To evaluate the proposed strategies for managing anomalies in energy time series forecasting, we compare the forecasting accuracy of all strategies using different forecasting methods. Before presenting the results, we detail the performed evaluation: We introduce the used data and the inserted synthetic anomalies, the anomaly detection methods applied in the detection and compensation strategies, and the anomaly compensation method applied in the compensation strategy. We also describe the used forecasting methods and the experimental setting.

4.1 Data and Inserted Synthetic Anomalies

For the evaluation, we use real-world data in which we insert synthetic anomalies.

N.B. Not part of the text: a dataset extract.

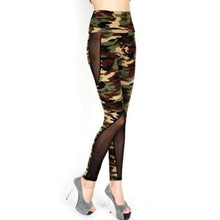 Women Sexy Mesh Camouflage Leggings High Waist Patchwork Stretchy Slim Army Camo Leggings Leggings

The chosen data set is the “ElectricityLoadDiagrams20112014 Data Set”Footnote 2 from the UCI Machine Learning Repository [18]. It includes electrical power time series from 370 clients with different consumption patterns [38]. The 370 time series are available in a quarter-hourly resolution for a period of up to four years, namely from the beginning of 2011 until the end of 2014. We choose the power time series MT_200 for the evaluation to cover the entire four-year period, to account for the electrical load of a typical client, and to consider a time series that is anomaly-free compared to other time series in the data set (see Fig. 2).

Fig. 2.
figure 2

Overview of the data used for the evaluation.

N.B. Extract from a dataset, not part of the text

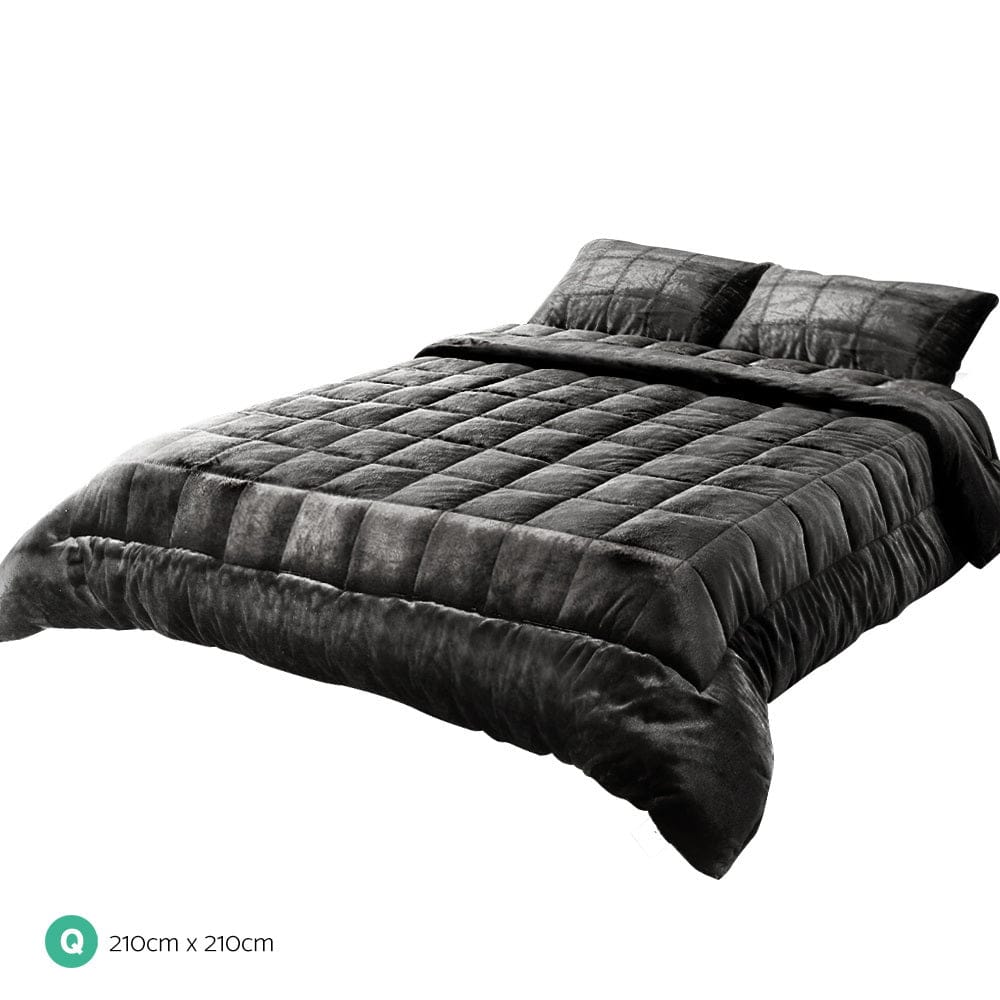 Giselle Home & Garden > Bedding > Quilts & Duvets Giselle Bedding Faux Mink Quilt Charcoal Queen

Since the chosen time series does not include labeled anomalies and thus do not allow for controlled experimental conditions, we insert synthetic anomalies in the complete chosen time series. For this, we consider the two anomaly groups used in [44], namely technical faults in the metering infrastructure and unusual consumption. Using the corresponding available anomaly generation methodFootnote 3, we insert four types of anomalies from each group: Anomalies of types 1 to 4 are from the group of technical faults and based on anomalies identified in real-world power time series in [45]. These anomalies violate the underlying distribution corresponding to normal behavior. Anomalies of types 5 to 8 are from the group of unusual consumption and represent unusual behavior as described in [44]. These anomalies are characterized by unusually low or high power consumption. We give formulas and examples for all types of anomalies in Appendix 1.

For the evaluation, we insert once 20 anomalies of types 1 to 4 each from the group of technical faults and once 20 anomalies of types 5 to 8 each from the group of unusual consumption into the selected time series. We insert 20 anomalies per type to consider a reasonable number of anomalies and we insert all four types of anomalies from a group at once to consider their simultaneous occurrence [44, 45]. The inserted anomalies correspond to 5% of the data for the technical faults and 11% of the data for the unusual consumption.

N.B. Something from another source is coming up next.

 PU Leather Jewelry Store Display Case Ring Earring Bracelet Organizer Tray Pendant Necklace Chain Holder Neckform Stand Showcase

4.2 Applied Anomaly Detection Methods

For the evaluation of the detection and compensation strategies, we choose anomaly detection methods based on the evaluation results in [44], where a variety of anomaly detection methods is already evaluated on the selected data. More specifically, we choose the method from the evaluated supervised and unsupervised anomaly detection methods that overall performs best for the considered groups of anomalies. For both groups of anomalies, the best-performing method is an unsupervised anomaly detection method, namely the Variational Autoencoder (VAE) for the technical faults and the Local Outlier Factor (LOF) for the unusual consumption. We briefly introduce both chosen anomaly detection methods, before we describe their application.

The Variational Autoencoder (VAE) learns to map its input to its output using the probability distribution of ideally anomaly-free data in the latent space, so it is trained to only reconstruct non-anomalous data [26]. The Local Outlier Factor (LOF) estimates the local density of a sample by the distance to its k-nearest neighbors and uses low local densities compared to its neighbors to determine anomalies [8].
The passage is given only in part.